How to complete this task
Write out all the entries word for word and omit any pictures.

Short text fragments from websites
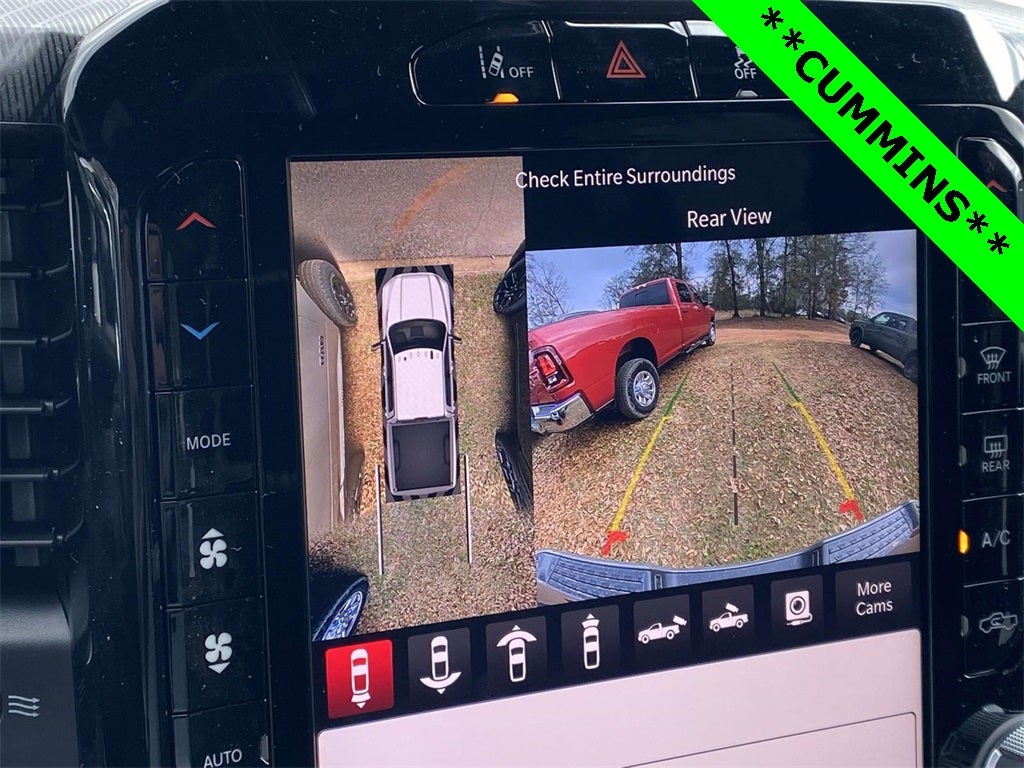 2026 RAM Ram 2500 RAM 2500 BIG HORN CREW CAB 4X4 6'4' BOX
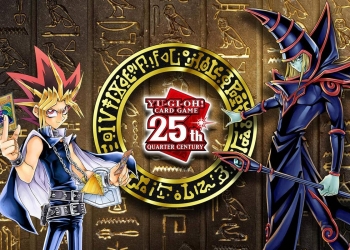 25 años de Yu-Gi-Oh!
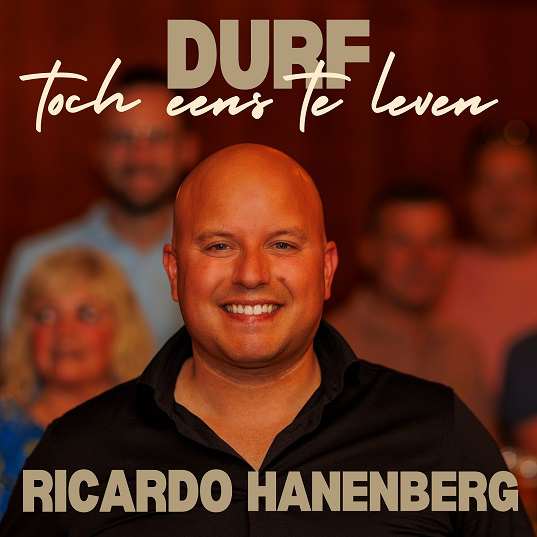 Ricardo Hanenberg Durf Toch Eens Te Leven 1500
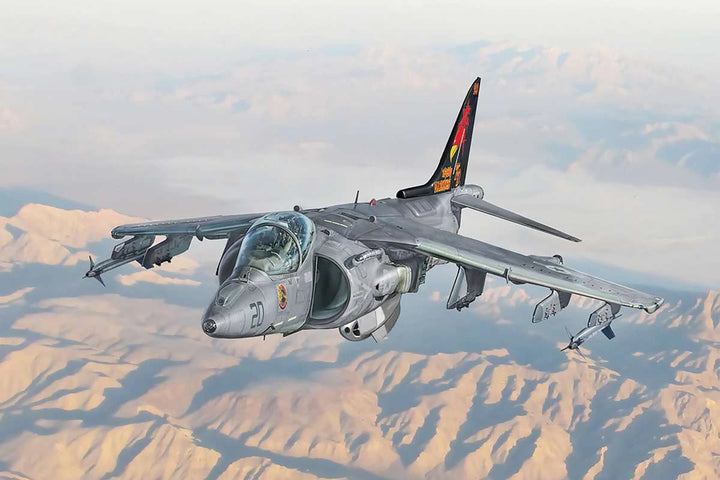 Italeri 1/72 AV-8B Harrier II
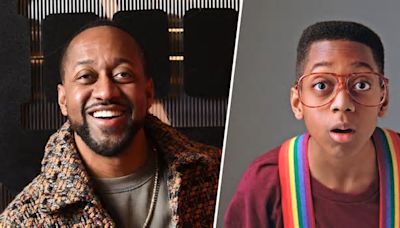 EXCLUSIVE: Former child star Jaleel White breaks his silence on 'Quiet on Set'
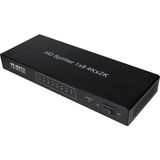 Dd448 1-8 Port 1.4V 4K@30Hz Metal Hdmi Splitter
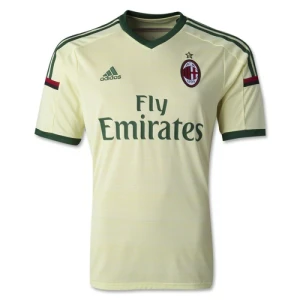 AC Milan 2014-15 Ausweichtrikot
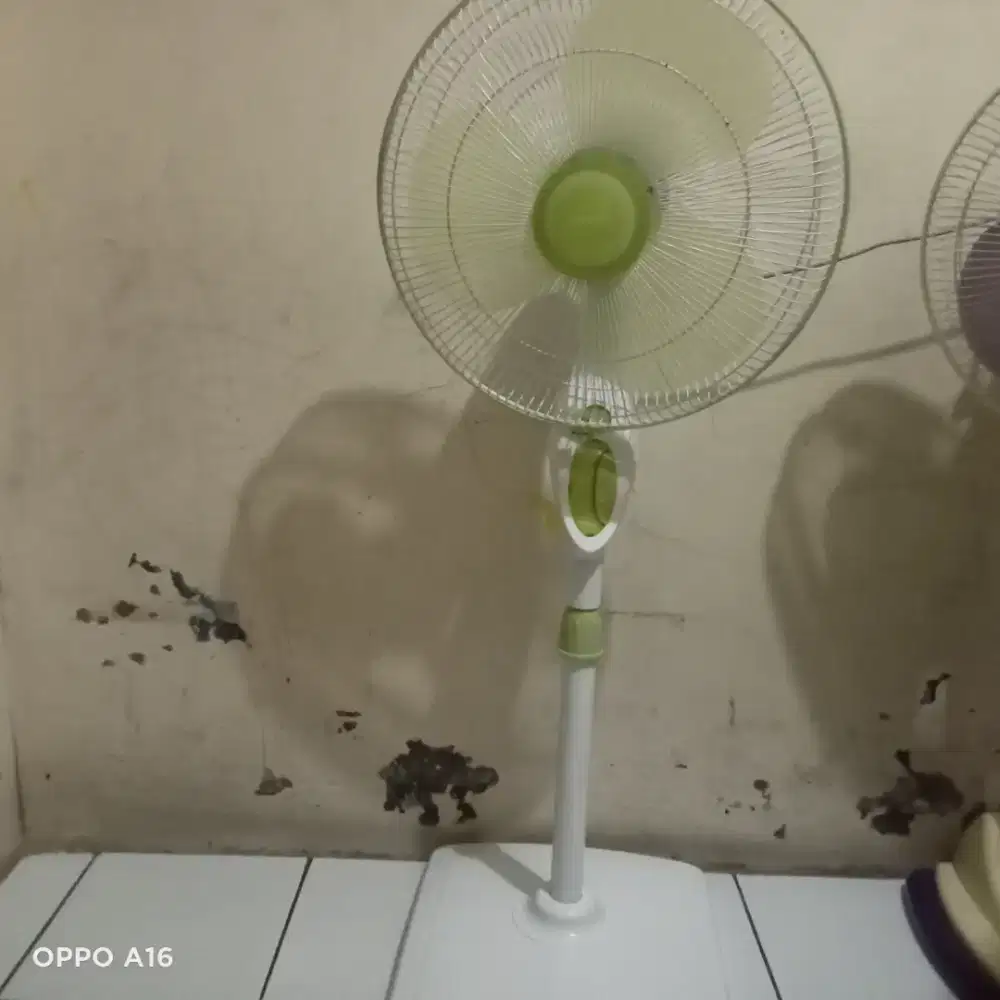 Dijual kipas angin merk Miyako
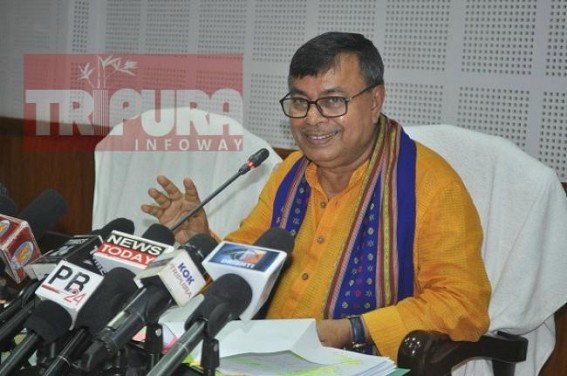 Closed 20 schools in Tripura to be given in private hands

Written answer
 2026 RAM Ram 2500 RAM 2500 BIG HORN CREW CAB 4X4 6'4' BOX
 25 años de Yu-Gi-Oh!
 Ricardo Hanenberg Durf Toch Eens Te Leven 1500
 Italeri 1/72 AV-8B Harrier II
 EXCLUSIVE: Former child star Jaleel White breaks his silence on 'Quiet on Set'
 Dd448 1-8 Port 1.4V 4K@30Hz Metal Hdmi Splitter
 AC Milan 2014-15 Ausweichtrikot
 Dijual kipas angin merk Miyako
 Closed 20 schools in Tripura to be given in private hands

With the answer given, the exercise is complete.